Los pasillos del colegio San Marcos eran un caos organizado durante los cambios de clase: estudiantes corriendo con mochilas repletas, grupos formándose en las esquinas para chismear, y el eco constante de risas y portazos. Entre ese torbellino, Roy y Pool se abrían paso como un dúo bien coordinado, intercambiando chistes sobre los profesores estrictos y los exámenes imposibles que ya asomaban en el horizonte. "Mira a ese, el de matemáticas parece un vampiro salido de una película de terror", susurraba Roy, señalando disimuladamente al profesor que pasaba con su expresión severa y su maletín raído. Pool se doblaba de risa, cubriéndose la boca para no llamar la atención, mientras imaginaba al hombre con colmillos y una capa negra. Eran amigos desde el primer año de bachillerato, unidos por su amor compartido por las bromas inofensivas y las tardes de fútbol improvisado en el patio trasero del colegio, donde el sol se ponía tiñendo el cielo de naranjas y rosas.

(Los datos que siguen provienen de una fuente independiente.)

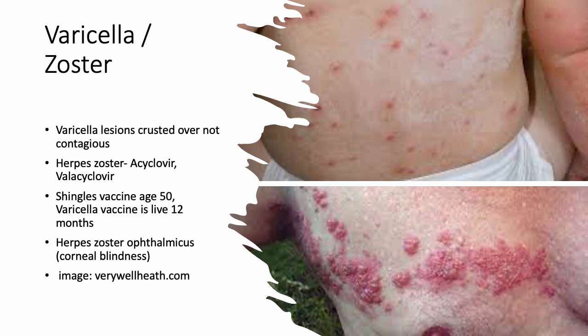The shingles vaccine — Shingrix — can be started at age 50 for older adults who have had chicken pox. One important thing to watch for is herpes zoster near the eye, which can cause permanent blindness. That is an emergency if you see an outbreak near the face or eye.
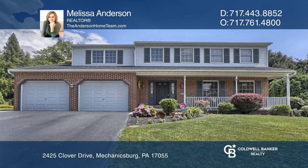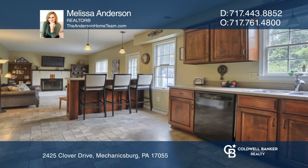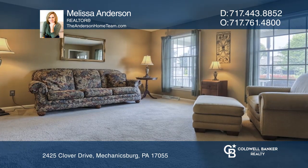Come see this well-kept traditional two-story with four bedrooms and two and one half baths. The kitchen has cherry cabinets and Corian counters. A formal dining and living room finish off the first floor.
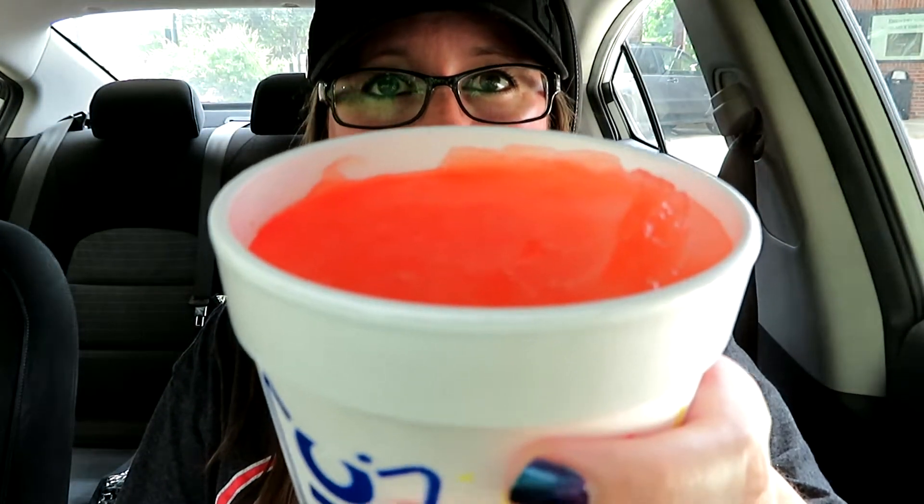This is the Bahama Mama flavor. Bahama Mama is a very delicious alcoholic drink — if you have not had it, definitely check it out. It's just like a tropical, summery type thing happening in your mouth that I love. So let's go ahead and give this a try.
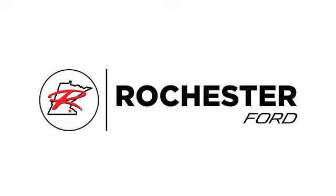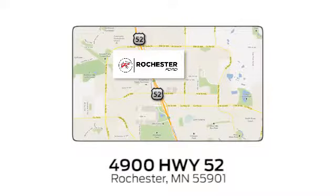Experience the difference at Rochester Forge. We're conveniently located between 41st Street and 55th Street NW on Highway 52 in Rochester, Minnesota.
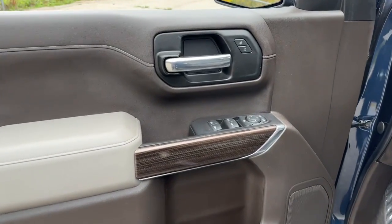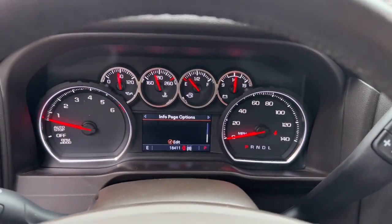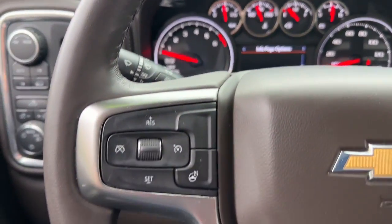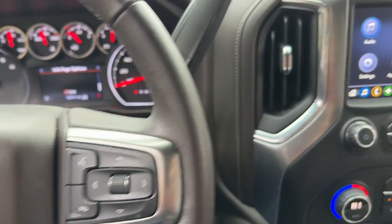These are just some of the great options this vehicle comes with: heated steering wheel, Apple CarPlay and/or Android Auto, heated driver's seat, keyless entry, remote engine start, premium sound system, satellite radio, heated mirrors, leather-wrapped steering wheel, and electronic stability control.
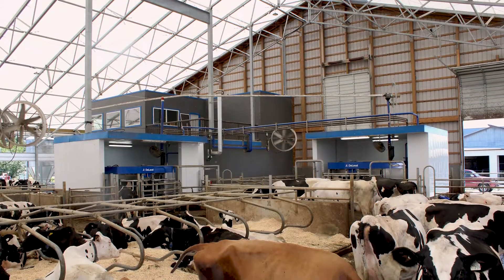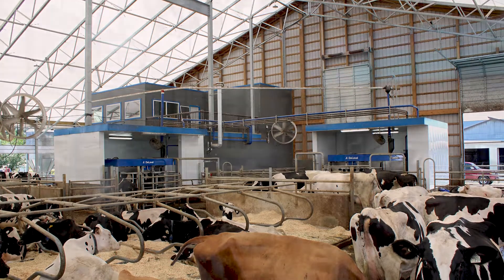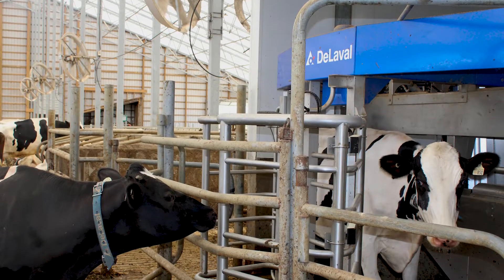We kind of grew up with dairy and about 10 years ago we switched to robots. Then two years ago we had a barn fire that kind of took everything out and we had a big decision to make. We decided to change robots to DeLaval — a few sleepless nights — but it ended up being really good and it's worked out really well for us. We're happy.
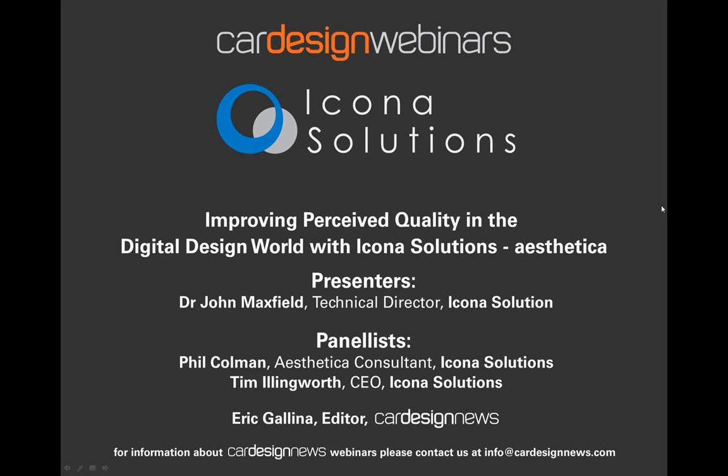The broadcast is now starting. All attendees are in listen-only mode. Hello, thank you for joining us for the Perceived Quality in the Digital Design World webinar presented by Icona Solutions.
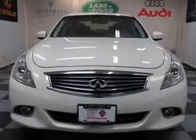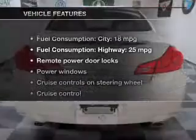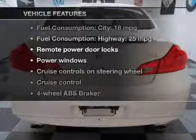The anti-lock braking system will keep you safe on the road. Pamper yourself with memory settings. And with these notable features, you won't want to miss out on the opportunity to own this amazing ride.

Pero en esos pasillos bulliciosos, también había miradas fugaces que Pool captaba sin querer. Alexis, el mejor amigo de Roy desde la infancia, pasaba a veces con su grupo de admiradores, lanzando un saludo casual que iluminaba el rostro de Roy. Alto y carismático, con cabello negro ondulado y una sonrisa que parecía salida de un anuncio publicitario, Alexis era el alfa indiscutible del grupo, siempre con una historia divertida o un chiste oportuno que hacía reír a todos. Pool lo admiraba en secreto, aunque no podía negar que su presencia lo ponía nervioso, como si Alexis ocupara un espacio que él no podía reclamar del todo. "¡Ey, Roy! ¿Vienes al partido este sábado?", gritaba Alexis desde el otro lado del pasillo, y Roy respondía con un pulgar arriba, su energía contagiosa. Pool observaba cómo Alexis palmeaba el hombro de Roy con familiaridad, un gesto que parecía natural pero que, para él, llevaba un peso inexplicable.
Una mañana, mientras esperaban el inicio de la clase de historia, Roy se volvió hacia Pool con una anécdota del verano: "Imagínate, Alexis y yo nos perdimos en esa excursión a las montañas. Terminamos acampando bajo las estrellas, contando historias hasta el amanecer". Pool escuchaba, asintiendo, pero una punzada de celos —o quizás envidia— se clavaba en su pecho. ¿Por qué Alexis siempre parecía tan integrado en la vida de Roy? Los pasillos seguían su ritmo frenético, con apuntes volando de mano en mano y risas estallando como fuegos artificiales, pero para Pool, ese espacio se convertía en un escenario donde las dinámicas de su amistad comenzaban a revelarse en matices sutiles. Al final del día, mientras salían juntos, Roy le dio un empujón juguetón: "Sin ti, estos pasillos serían aburridos, Pool". Y aunque sonrió, Pool se preguntó si esa complicidad duraría para siempre.